I'm debating a few strategies here and I really appreciate you taking the time to run the numbers on my properties.

Just curious, do you buy into the whole idea of an "infinite return"?

Property one, I put about 22K in to get the property about a year ago. I put about 34K in to get property two (same timeline).

thanks again for your detailed response.

AG

Infinite return is a cash on cash number. You're into a property with $0 that's producing cash flow. What cash on cash ignores is opportunity cost.

Remember, your goal isn't simply to get a return on your investment. You can do that in a savings account. You are trying to maximize the return you get from your entire asset portfolio. This includes both your cash reserves as well as other assets, specifically equity in your homes being this is real estate. That's what I showed you above.

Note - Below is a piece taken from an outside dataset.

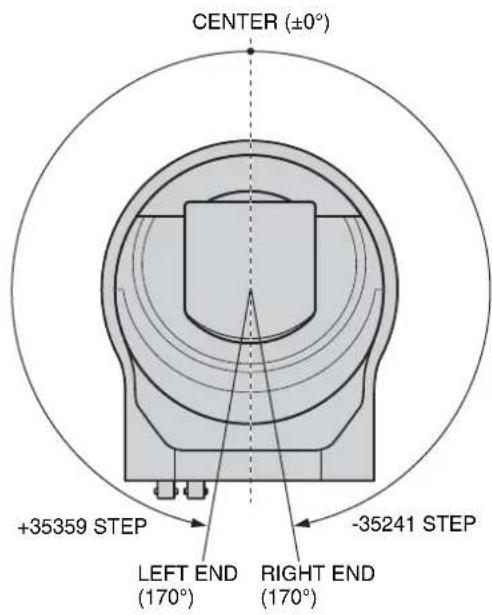 SONY BRC-300P - PAN-TILT LIMIT - 1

In those two properties, you have approximately $120 grand of "liquid" (okay, selling real estate isn't exactly fast or easy) assets. How do you maximize the value of that asset? Do you leave it be and make a 6% return ($620*12/$120k)? Do you leverage it further and make a 11% return($13k/$120k)? Or do you diverge from those investments entirely because you can make a 15+% return elsewhere?

Think of them like stocks. You bought a stock years ago for $5... it's now worth say $50. What you paid for it is completely irrelevant (i.e. infinite returns, cash invested). The face is it's now worth $50. You have to look into the future. Is your current stock going to go to $100 in 3 years? Is it going to stay at $50? Is it going to go to $20? Now you have to look at all the other possible stocks out there. Can you find a different stock at a risk level you like that you believe will go to $200, or $500??

Infinite cash on cash is an analysis based on the past. You can't change or effect the past, you've won or lost already and are where you are today. Now look forward and make the best decisions you can.